Radium Hot Springs is the perfect place to relax after a day on the slopes
Photo by Paula Worthington


RADIUM, BC - It’s a welcome sight as you enter Sinclair Canyon at the edge of Kootenay National Park in British Columbia on Highway 93 - the soothing, steaming waters at Radium Hot Springs. For years, I had simply driven by the springs, en route to one of many B.C. ski destinations.

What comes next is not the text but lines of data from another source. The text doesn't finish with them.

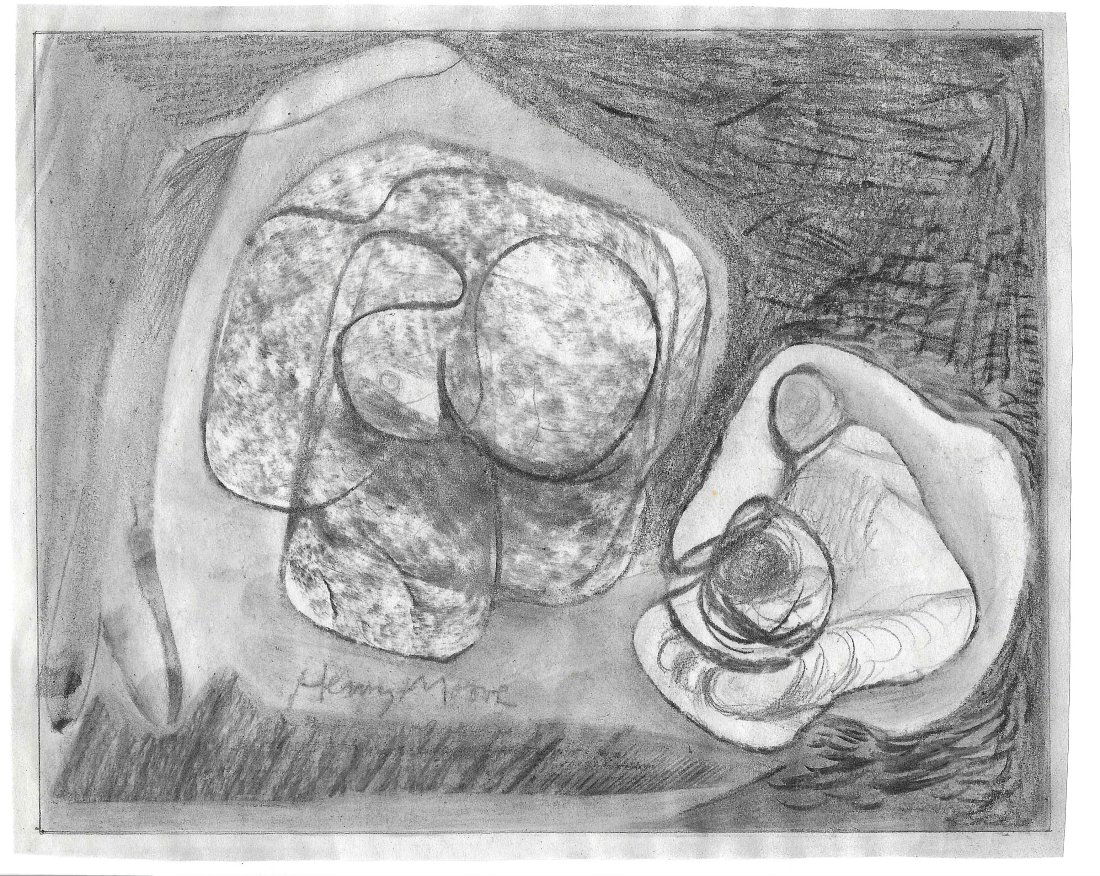 HENRY MOORE - Study for Sculpture - Charcoal on paper (1 of 4)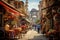 Tourists walk in the old town of Istanbul. A bustling bazaar in the heart of Istanbul, AI Generated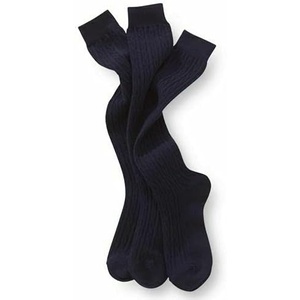 image:imageLands End Girls Solid Cable Knee Socks 3 PackClassic Navy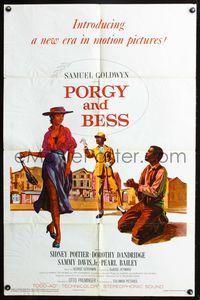 3r680 PORGY & BESS one-sheet poster '59 art of Sidney Poitier, Dorothy Dandridge & Sammy Davis Jr.!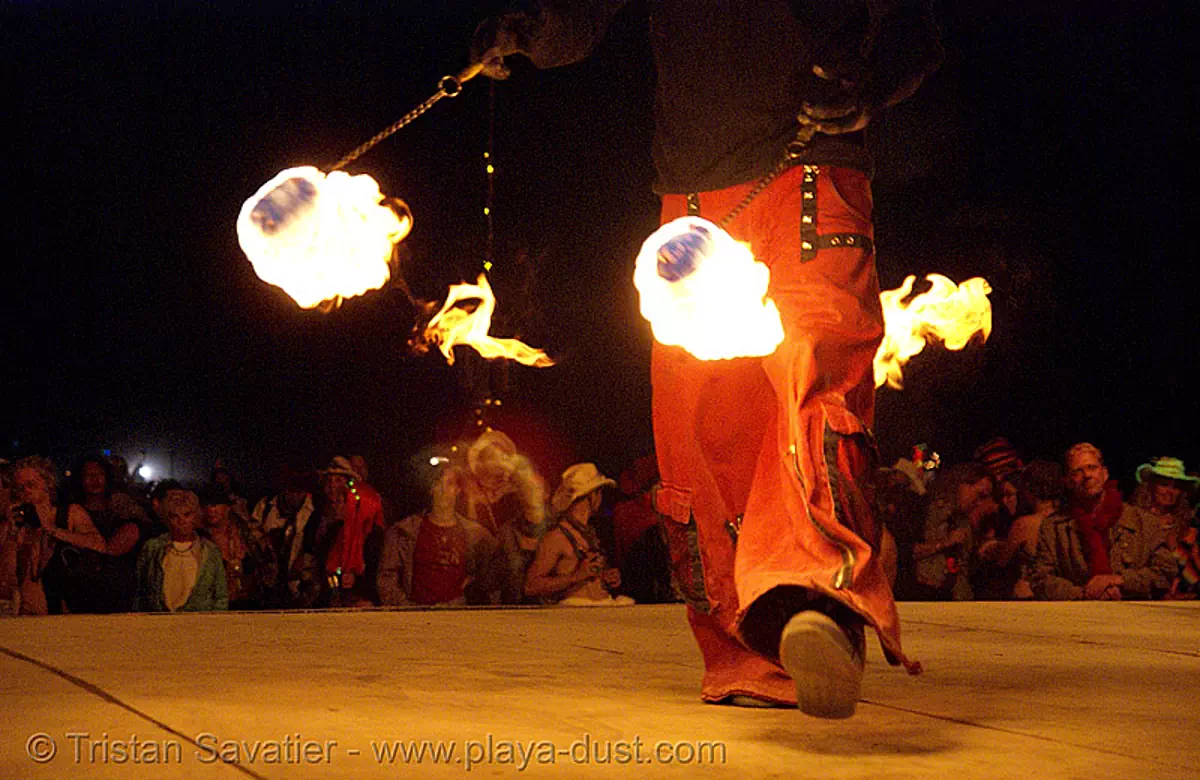 fire performer on the shiva vista stage - burning man 2007, burning man, fire poi, night, shiva vista stage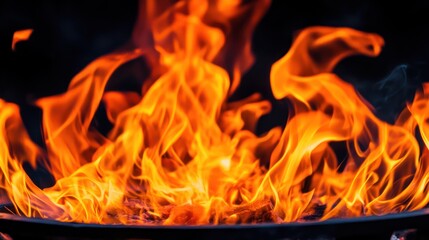 Fototapeta premium Fiery Grill Flames, Outdoor Night, BBQ, Cooking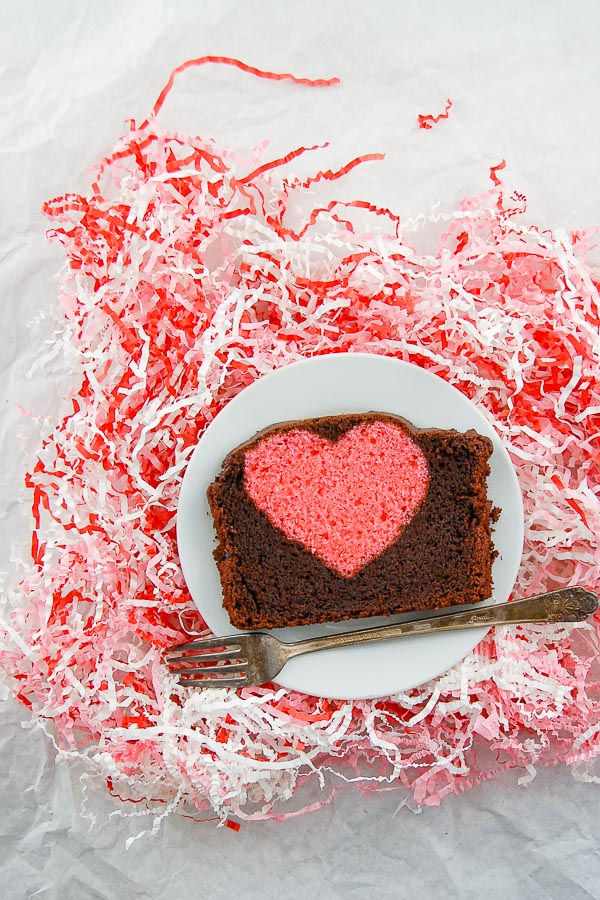 Surprise cake hidden heart cake slice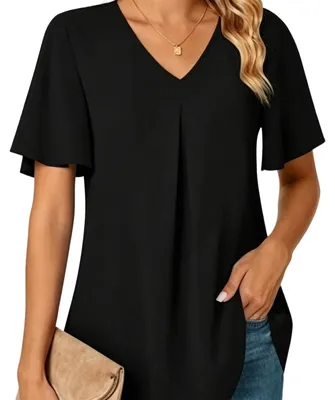 Produktbild von XFSRG Damen Bluse Kurzarm V Ausschnitt Hemdbluse Kurzarm Hemdbluse Lockere Tunika mit Falten Vorne Luftige Sommerbluse Damenoberteil für Alltag Büro Freizeit (S)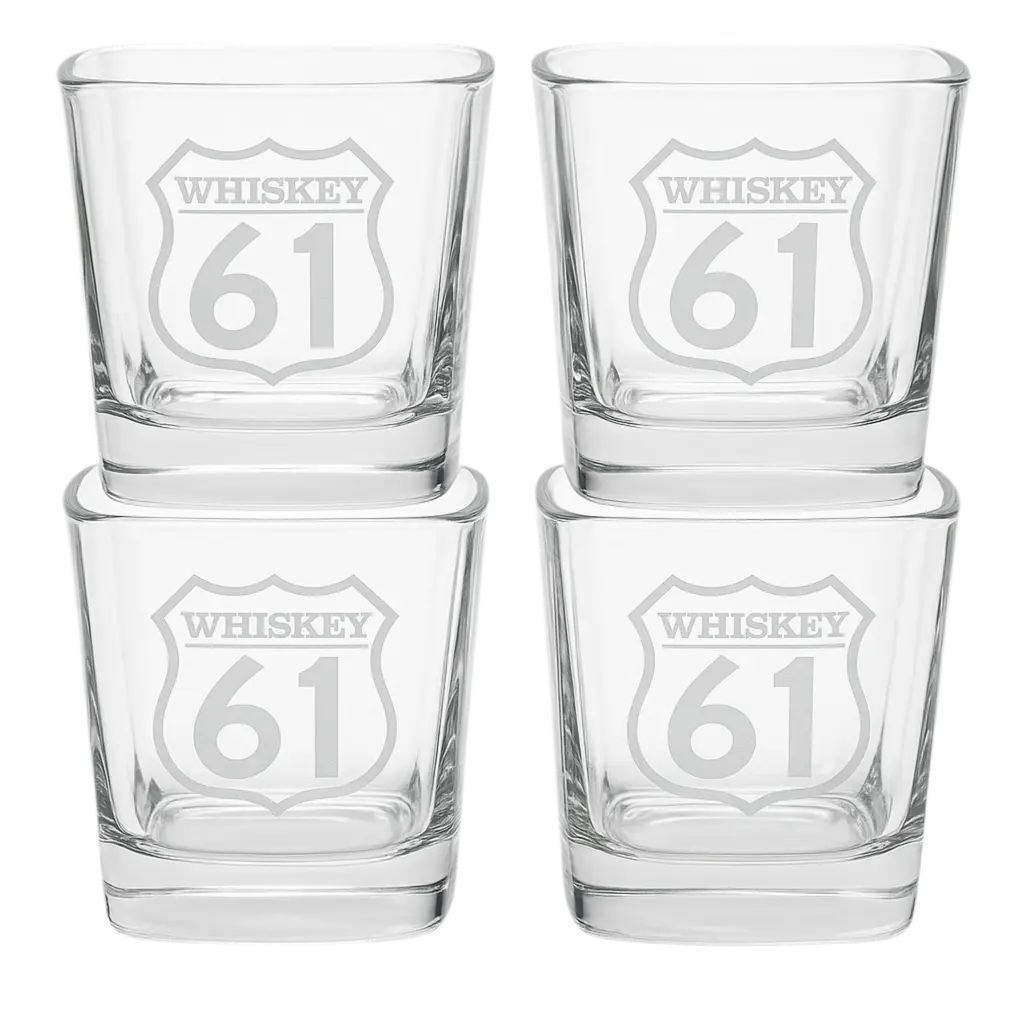 Set of four hand-crafted whiskey glasses etched with "Whiskey 61" logo, designed for an elegant whiskey experience.
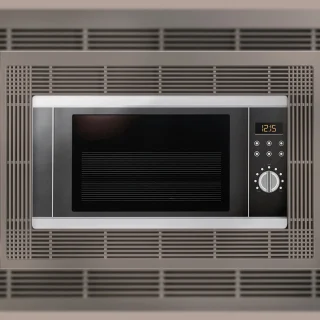 Emuca Marco para microondas, para encastrar en mueble de cocina, módulo 600mm, 600x400mm, Plástico, Níquel satinado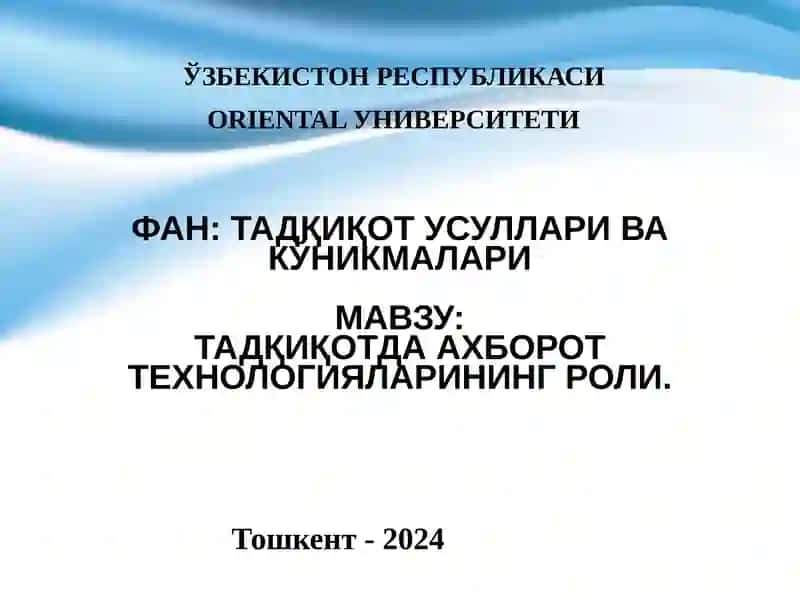 Tadqiqot Usullari va Ko'nikmalar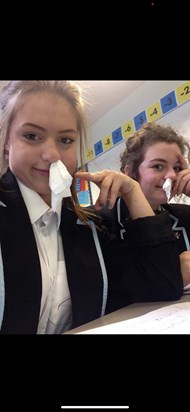 In class when I got told off for having tissue in my nose when my nose was running so Becca put tissue up her nose too so I wasn’t the only one ❤️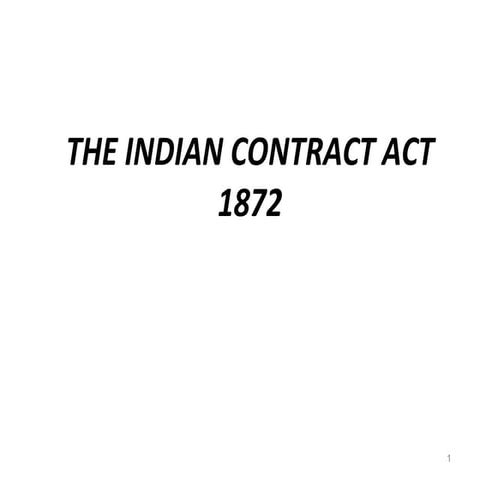The indian contract act 1872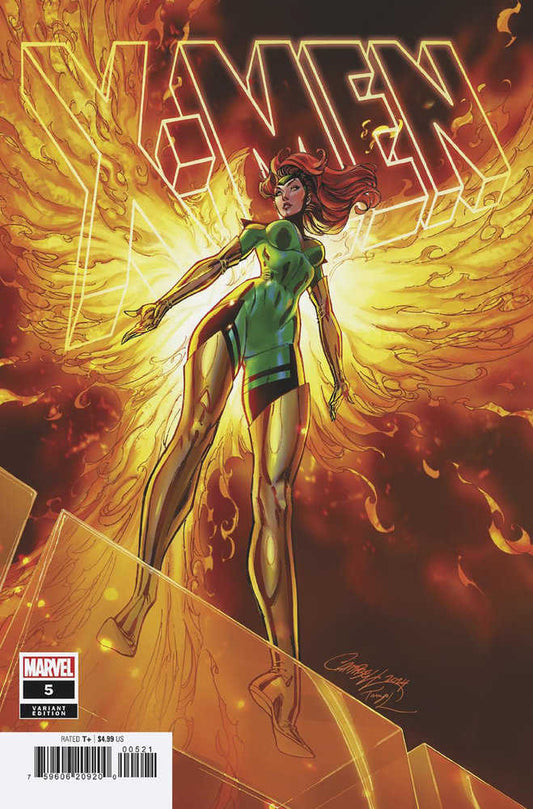 Comic book cover featuring Jean Grey as Phoenix. Fiery wings, green and gold costume. Title: "X-Men."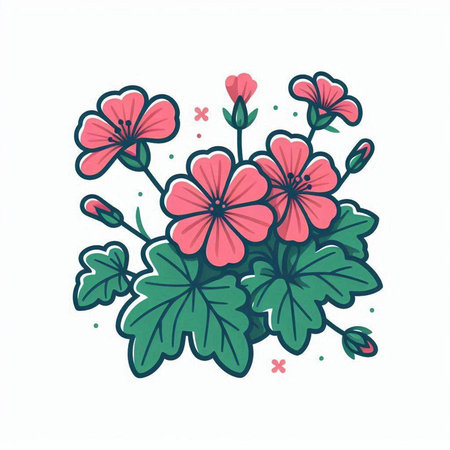 Flowering geranium. Hand drawn vector illustration isolated on white background.のイラスト素材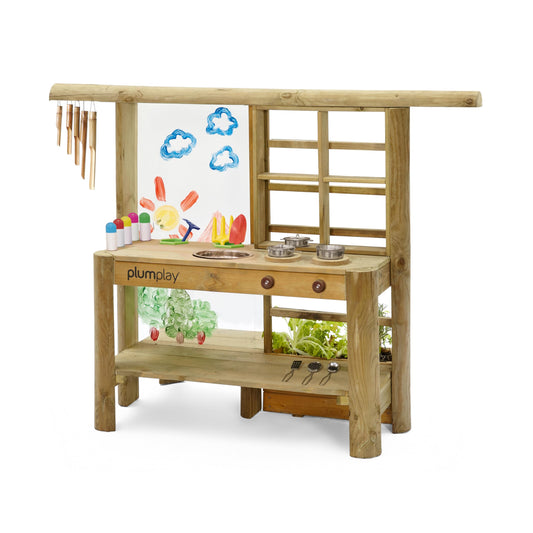 Plum® Discovery Mud Pie Kitchen for Kids Outdoor Toys - Play Toy Kitchen with Accessories, Wooden Kids Playset, with Built-in Gardening Planter and Painting Easel for Kid Age 3+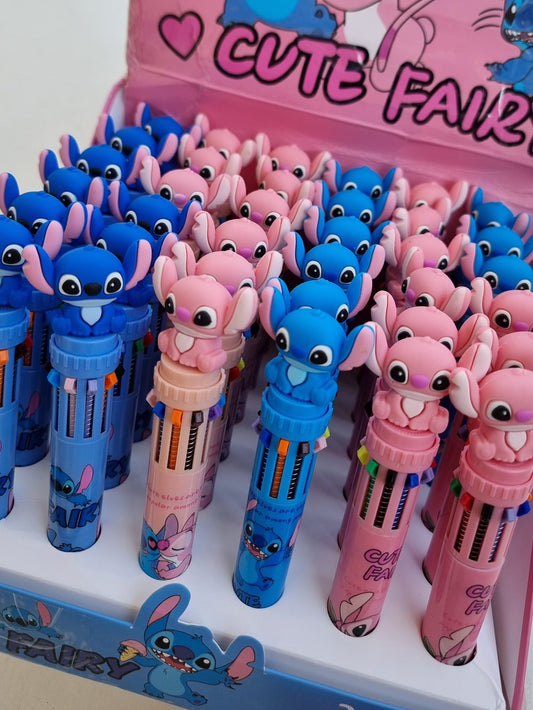 Stylo-bille 10 couleurs Stitch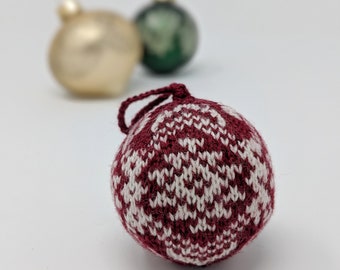 Handknit Fairisle Wool Christmas Ornament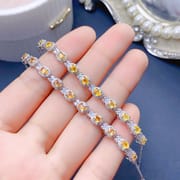 Natural sapphire bracelet girls 925 silver sapphire bracelet 3 * 4mm bare stone live broadcast colorful treasure wholesale
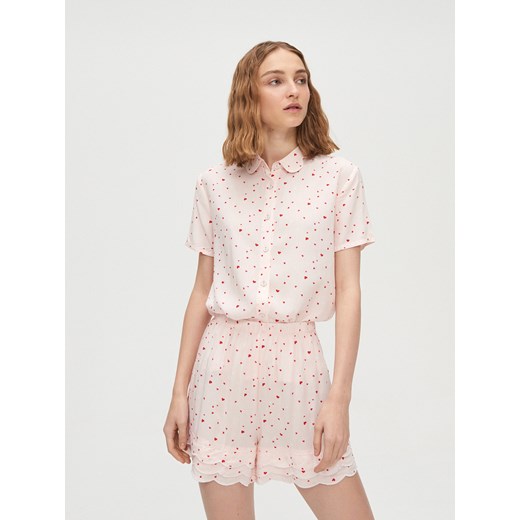 Cropp - Dwuczęściowa piżama serduszka - Różowy  Cropp S 
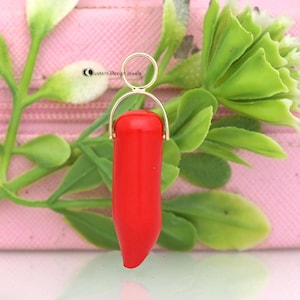 Gold Plated Coral Horn Pendant ,Italian Coral Horn Pendant, Gemstone  Pendant, Red Cornicello Charm Pendant, Italian Cornicello Horn Pendant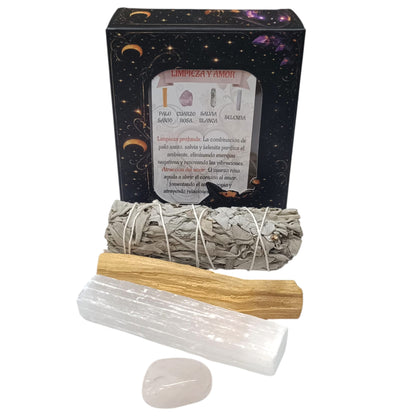 Kit Limpieza Amor :Atado Salvia , Palo Santo, Selenita y Cuarzo Rosa REF: 200002961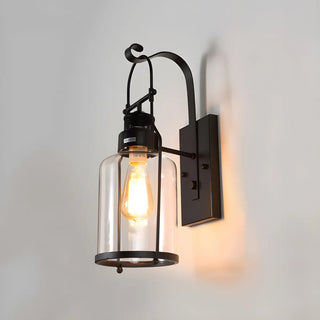 ZOWALA - Industrial Jar Glass Shade Black Small Decor Wall Light Image - 5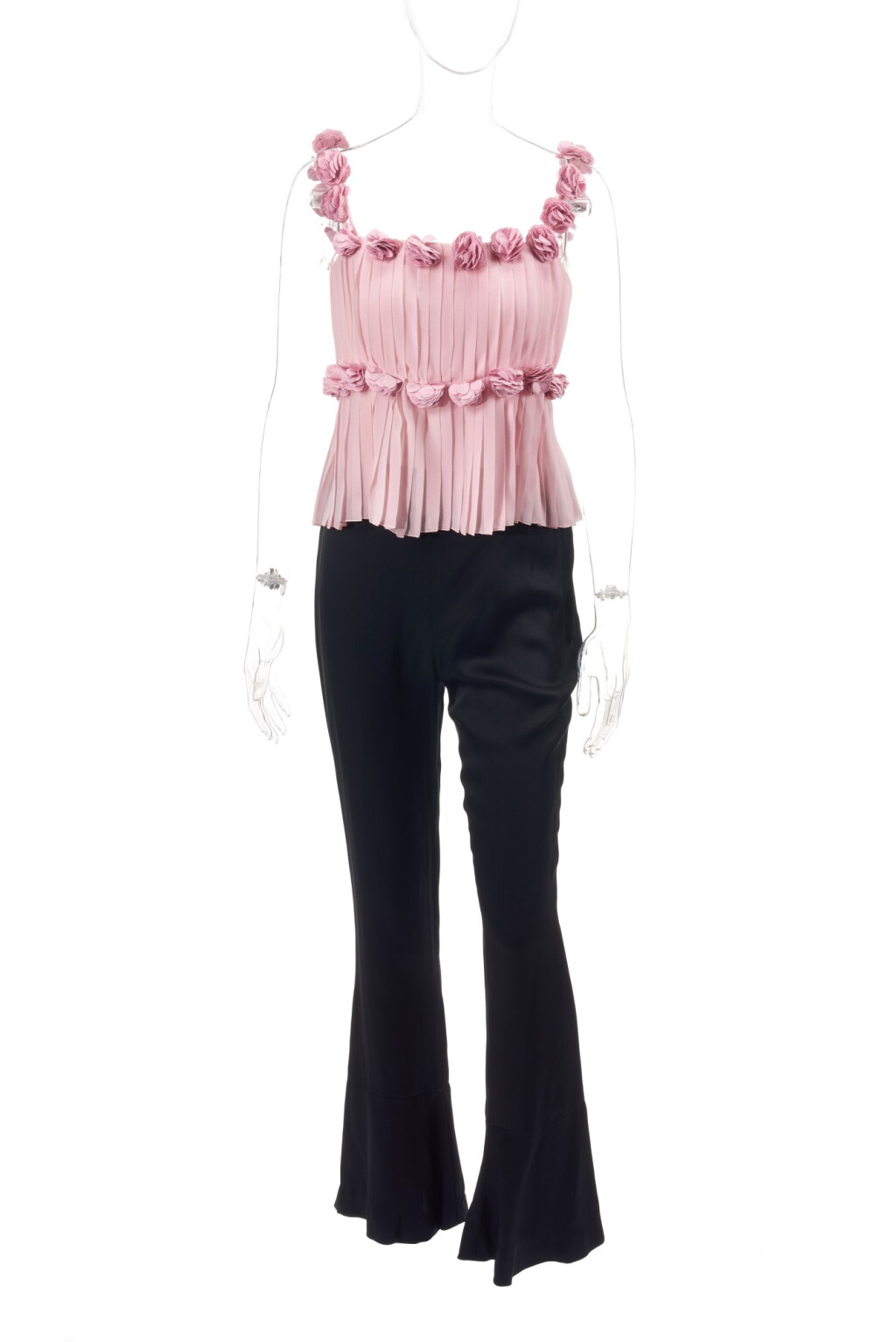 View full screen - View 1 of Lot 25. Black silk trousers and powder pink top.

This time, I was looking forward to making the destination Radium. As I pulled into town at the Prestige Inn, I was already looking forward to a hot soak after a long week of work. The skiing could wait until Saturday; this Friday night would be used to ease me back into mountain time.

Radium sits at the crossroads of Highway 95 and 93, where outdoor adventures await in every direction. To the north sits Golden, to the southwest, the slopes of Panorama, south to Fairmont and onward to Kimberley, and to the east, the natural bounties of Kootenay National Park. Perfectly perched on the “warm” side of the Rockies, Radium is an ideal launch pad to four seasons of adventure.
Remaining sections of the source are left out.